The source of the consideration used by Mr. Baum to acquire his interest in the Registrant was cash from his funds.

The primary basis of the "control" by Mr. Baum is stock ownership.

The principal terms of the stock purchase agreement were:

1. Mr. Falvo agreed to sell and Mr. Baum agreed to buy 15,000,000 shares of our common stock that were "restricted securities" of an "affiliate."

    2. The closing of the stock purchase agreement was subject to the satisfaction of the following:

  1. The purchase of the controlling shares by Mr. Baum at par value for a total of $15,000.
  1. The payment of $190,000 to reimburse Mr. Falvo for expenses paid on our behalf; and
  1. The delivery to Mr. Baum of written representations and warranties by our board of directors respecting various matters about us.
    Prior to the completion of the stock purchase agreement, we had 18,073,500 outstanding shares of common stock.

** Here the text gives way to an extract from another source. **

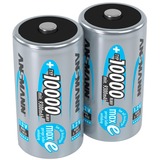 Ansmann NiMh Professionnel Mono D HR20, Batterie Argent, D, Hybrides nickel-métal (NiMH), 1,2 V, 10000 mAh, 33 x 61.5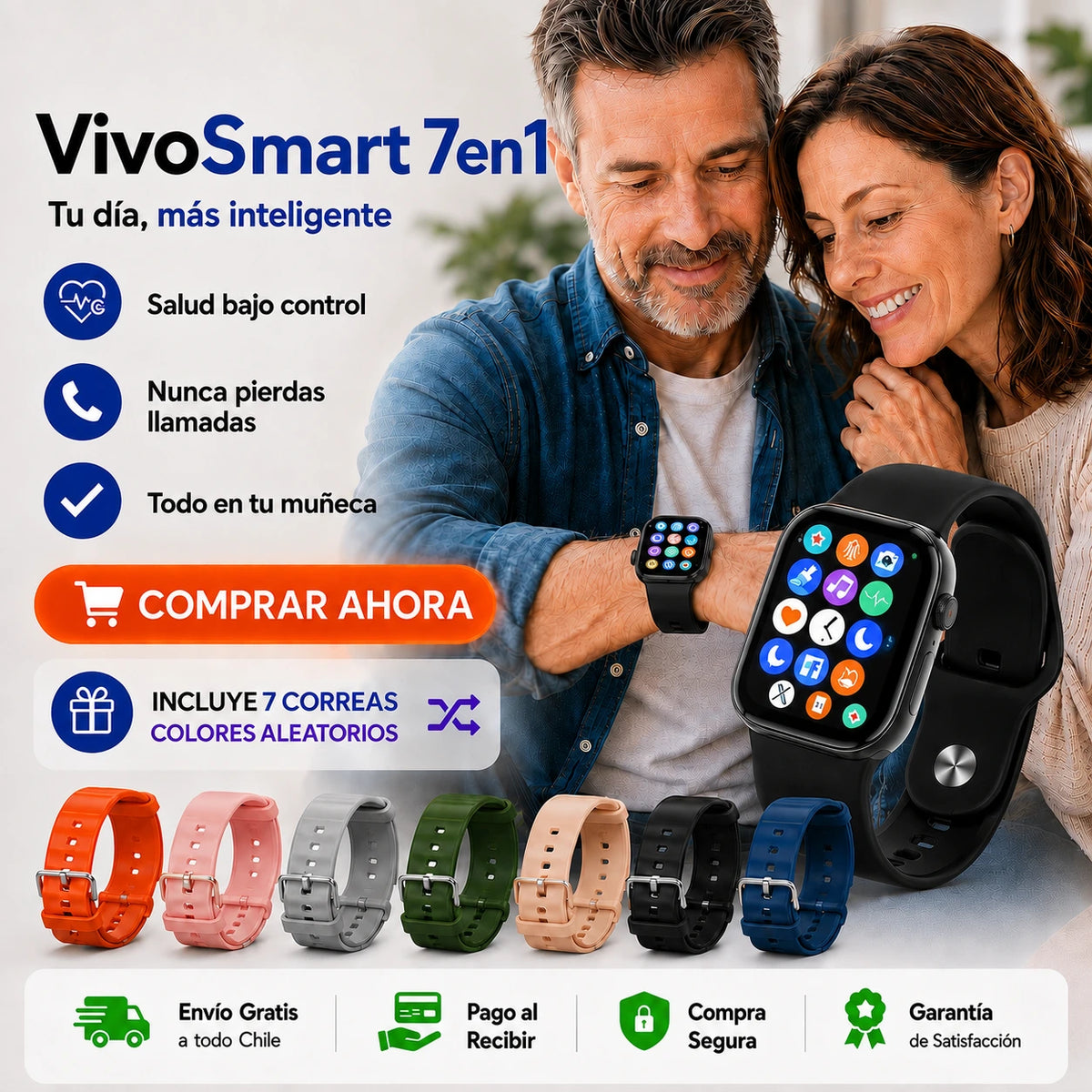 VivoSmart 7 en 1 - Salud, Deporte y Conexión en Uno Solo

    A copy of the stock purchase agreement, including all material exhibits and related instruments, accompanies this current report, which, by this reference, is incorporated herein; the foregoing summary is modified in its entirety by such reference.

    (b)(i) To the knowledge of our management and based upon a review of the stock ledger maintained by our transfer agent and registrar, the following table sets forth the beneficial ownership of persons who owned more than five percent of our common stock prior to the closing of the stock purchase agreement, and the share holdings of the members of management based upon 18,073,500 outstanding shares:


 
 
 
Name and Address of Beneficial Owner
Number of Shares
Beneficially Owned
 
Percentage of Shares
Outstanding (1)



 
Pete Falvo (2)
c/o Trading Solutions.com, Inc.
2469 E. 7000 S., #214
Salt Lake City, Utah 84121
 
15,000,000     
 
 
82.9%
All current directors and executive officers as a group (none)
--
 
--%

(1) Includes shares of common stock subject to warrants currently exercisable or convertible within 60 days of December 20, 2003 are deemed outstanding for computing the percentage of the person holding such option or warrant but are not deemed outstanding for computing the percentage of any other person.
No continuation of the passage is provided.